Mendoza laughed. “So some people say. But it’s only if charts and astrolabes be magic. He can steer a ship through any storm, too. He’s one hell of a sailor, señora. The crew would follow him anywhere.”

“Not everyone, so it would seem. What of that man who tried to kill him in my tavern?”

A dark scowl obliterated Mendoza’s grin. “Diego Escobar.”

“Was that his name, then? Who is he? Why did he want to kill your captain?” Bianca thought of the cloaked man, of the dead darkness in his eyes. Had he, too, lost something precious to the Grattianos? She could well believe that an entire crew of men would follow Balthazar; his charisma had been such in Venice, too. But she could also believe that someone sought revenge for some insult or crime.

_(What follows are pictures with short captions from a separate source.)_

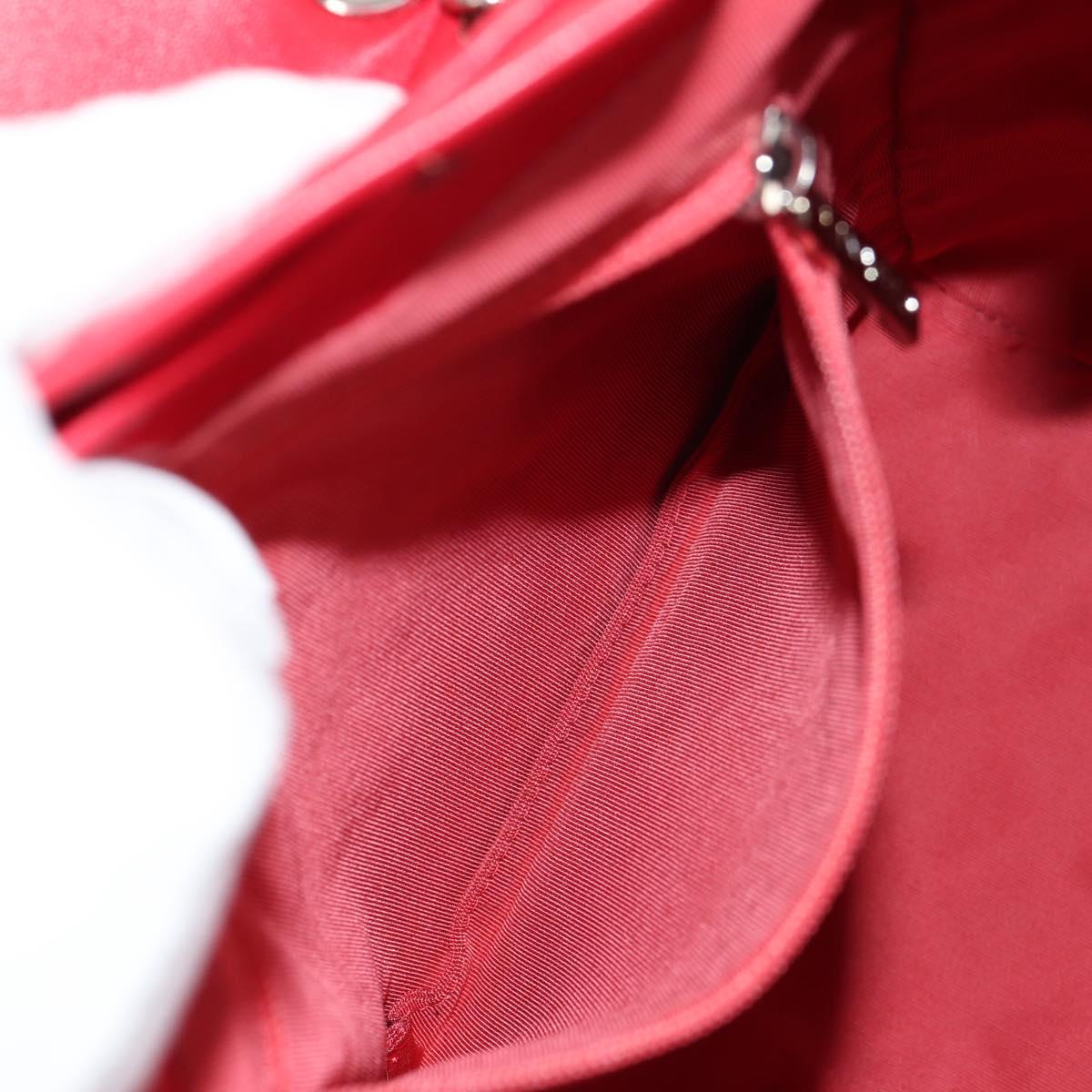 CHANEL Matelasse Backpack Lamb Skin Red Silver CC Auth 145253M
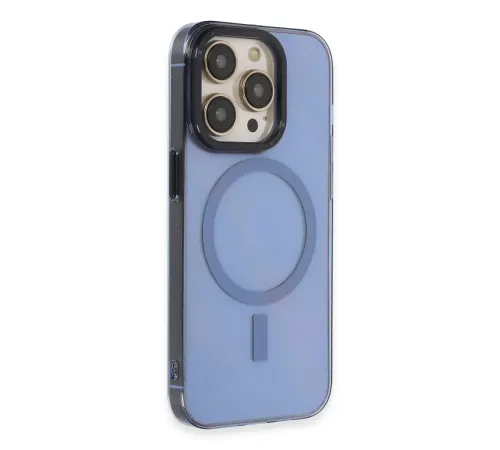 Apple iPhone 14 Pro Max Kılıf Anka PC Magneticsafe Sert Metal Kapak - Sierra Blue
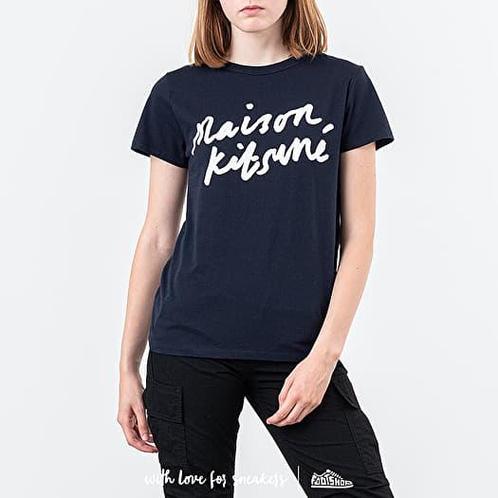 T-SHIRT MAISON KITSUNÉ LOGO TEE - Tshirt neuf L bleu marine, Vêtements | Femmes, T-shirts, Neuf, Taille 42/44 (L), Bleu, Manches courtes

“He was a navigating officer, come aboard a year or so ago from Vera Cruz,” Mendoza said, his tone reluctant, as if she forced the tale from him. “He and the captain were friends, until…”

“Until what?” Bianca urged impatiently, taut with suspense.

“’Twas a woman.”

“Oh.” Of course. A woman. Somehow, Bianca was rather disappointed it should be something so sordid, so ordinary. “No doubt some doxy this Diego thought was his, until she transferred her affections to the captain.”

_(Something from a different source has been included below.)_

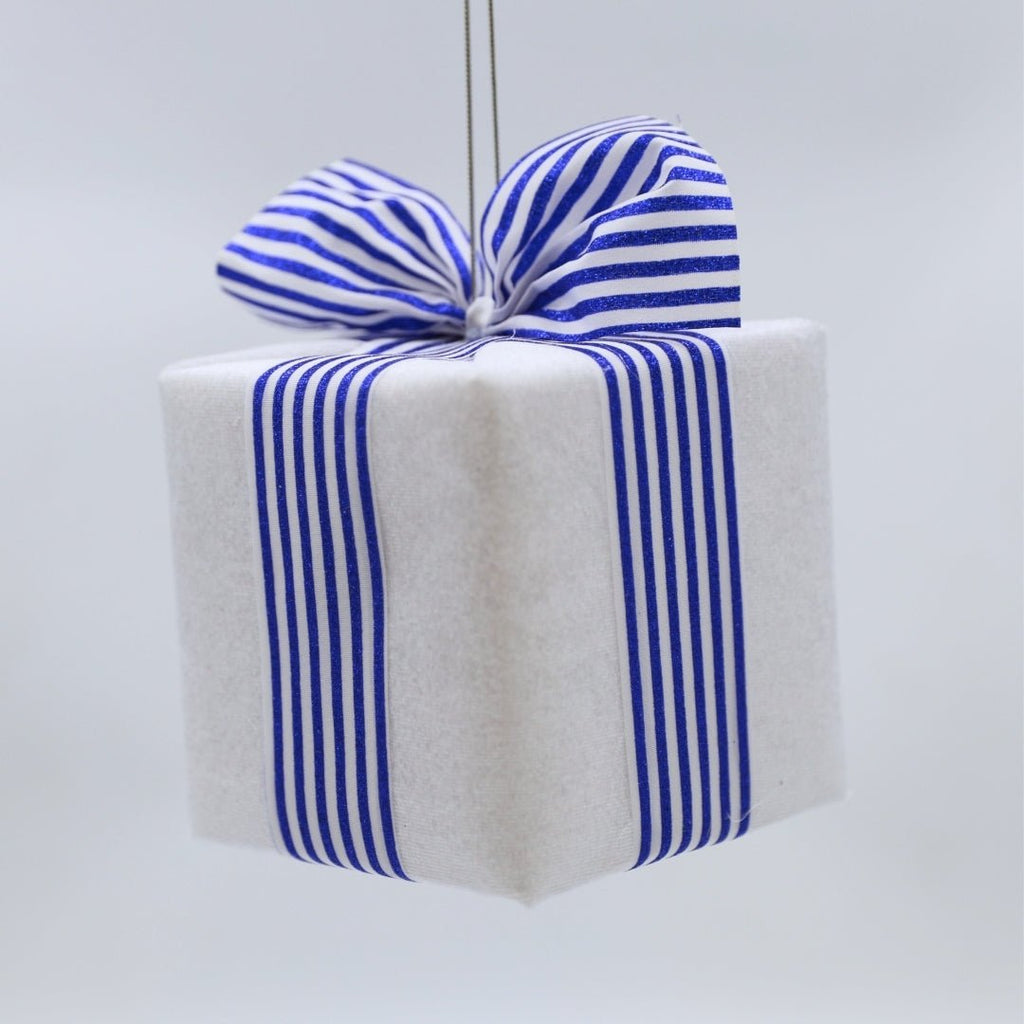 White Gift-Box Ornament With Striped Blue Ribbon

“No, no, señora! It was not like that.”

It was always like that. Bianca saw it in her tavern every week, and cleaned up after it, too. But she gave Mendoza an encouraging smile, hoping he would continue with his tale. “Then how was it, pray tell?”

“Diego had a wife, a native woman he met before he joined the Calypso. Esperanza. We all knew about her, but we didn’t think anything of it. Lots of the men…” His voice trailed away, as if he was embarrassed to speak of such things with a European woman.

“Lots of the men have sex with native women, with their wives back in Spain all unknowing,” Bianca said.

“Yes,” Mendoza answered, still obviously uncomfortable to be gossiping about such things with her. Yet she found she could not let him squirm free. She had to know what happened.

“But Diego married the woman, in the church in Havana,” he went on. “She had been baptised and everything. Afterwards, we put out to sea, heading to Peru for a shipment of silver. That was when it happened, a few days out of Cuba.”

“What happened?” Bianca whispered.

“The captain found that Diego had his wife aboard, in the hold. She was pregnant, and ill.”

Bianca could imagine. The ceaseless pitch and roll of the waves, the dank stink of the hold. It was surely no place for a pregnant woman. “What was he thinking of?” she muttered.

“It was like he’d gone moon-mad, señora, ” Mendoza said. “The captain insisted on setting the woman ashore, but Diego argued. Threatened, even. But Captain Grattiano wouldn’t hear him. He made to turn back to Cuba, even as we lost precious time, and he left her there with a nurse, in a house of her own.”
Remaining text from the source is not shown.